Applications of virtual technology is used to communicate with visitors in museums
by giving examples of interactive, virtual technology applications used in Turkey, 9
in the museum is introduced in detail. Evaluation and conclusion section, the, our
museums introverted saving states, which are in every segment of society
communicate and interact with the visitor-oriented educational and cultural
activities to be done for making the institutions are discussed. Museums that will
contribute to the cultural and social life in order to become a center of the
information age and the importance of supporting technological equipment brought.
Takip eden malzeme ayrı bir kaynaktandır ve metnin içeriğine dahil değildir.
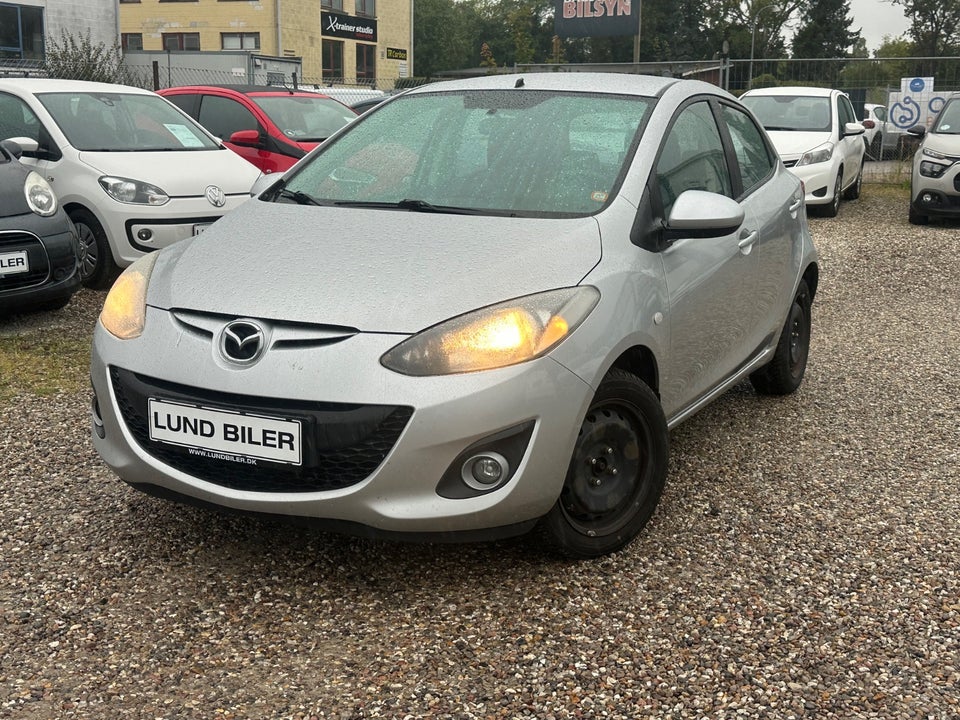 Mazda 2 1,3 Advance 5d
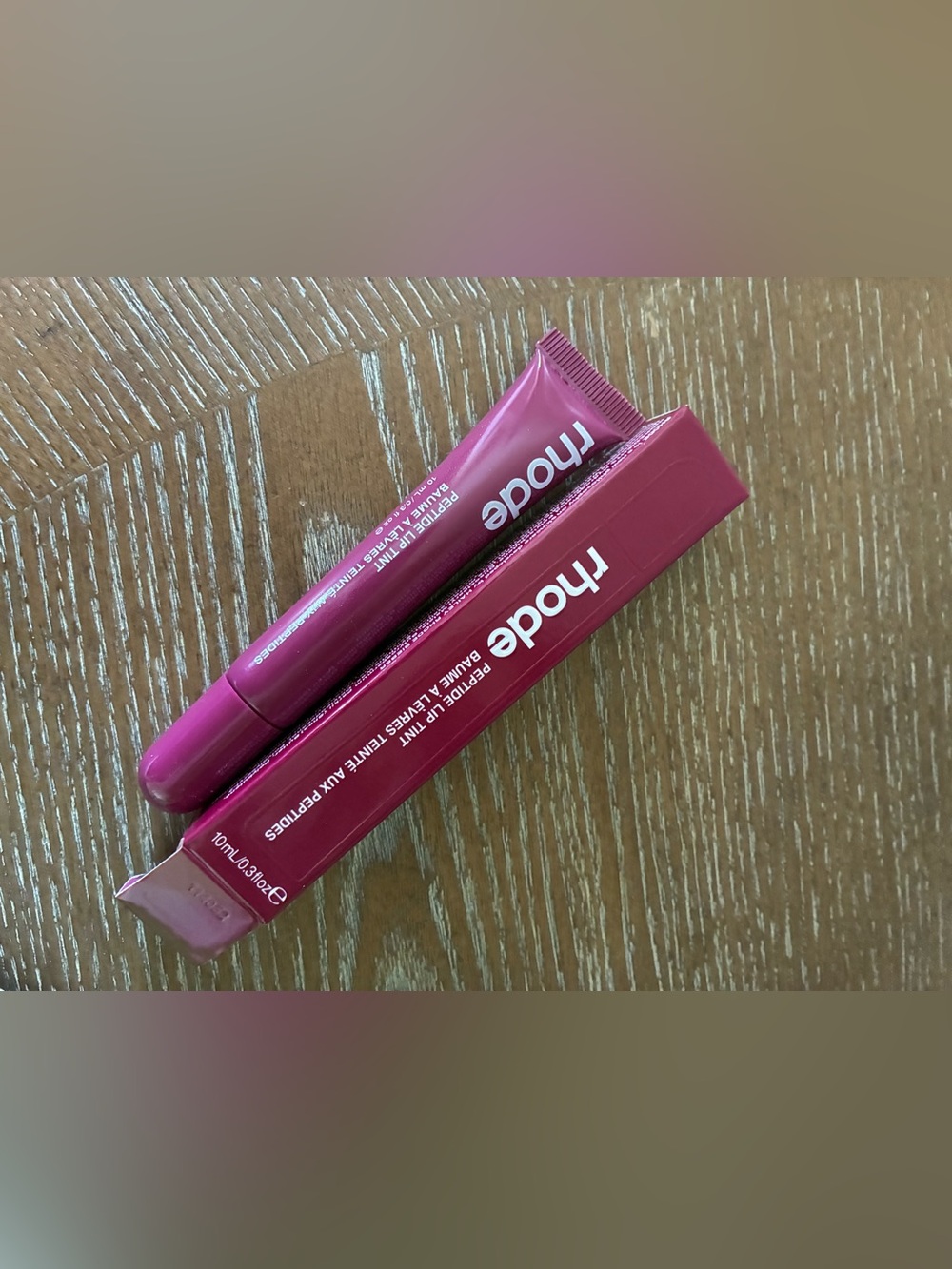 Brand new rhode lip tint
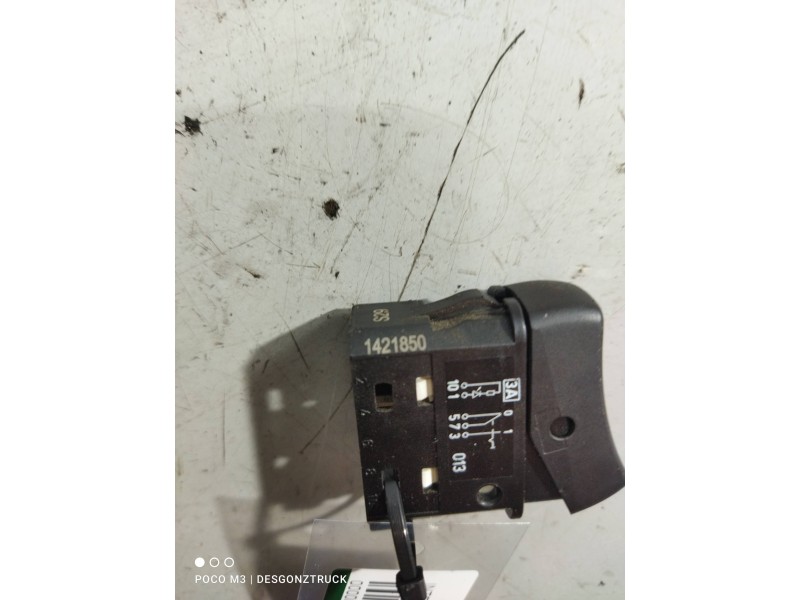 Recambio de interruptor para scania serie p/g/r (c-clase) 12.7 diesel referencia OEM IAM 1421850  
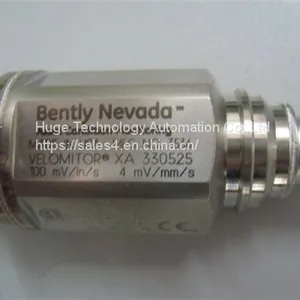Bently Nevada Proximitor Sensor 330500-00-20 thumbnail-1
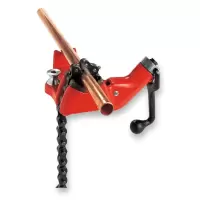 里奇 RIDGID 40215 BC810 链虎钳/管道工具(包装数量 1把)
An institution to be living in museums conferences, symposia, films, theater,
concerts in the administration of cultural activities such as visits, visitors to
maintaining and emphasized the vital importance of the age group in terms of
diversification.
Key Words : Contemporary Museology, Virtual Technology, Interactive Surface
System, Touch-Information Display, 3 D Virtual Objects, Digital Book, Virtual
Tour.
ÖZGEÇMİŞ
97
Deniz DÖNMEZOĞLU 21.06.1981 tarihinde Ankara’da doğdu. 1999 yılında
Süleyman
Demirel
Üniversitesi-Mühendislik
Mimarlık
Fakültesi
Mimarlık
Bölümünü kazandı ve 2003 yılında aynı fakülteden mezun oldu. 2005–2009 yılları
arasında özel sektörde çalışmalarına devam eden Deniz DÖNMEZOĞLU, 2009’dan
bu yana Kültür ve Turizm Bakanlığı Kültür Varlıkları ve Müzeler Genel
Müdürlüğünde uzman yardımcısı olarak görev yapmaktadır. Deniz DÖNMEZOĞLU
iyi derecede İngilizce ve orta derecede İtalyanca bilmektedir.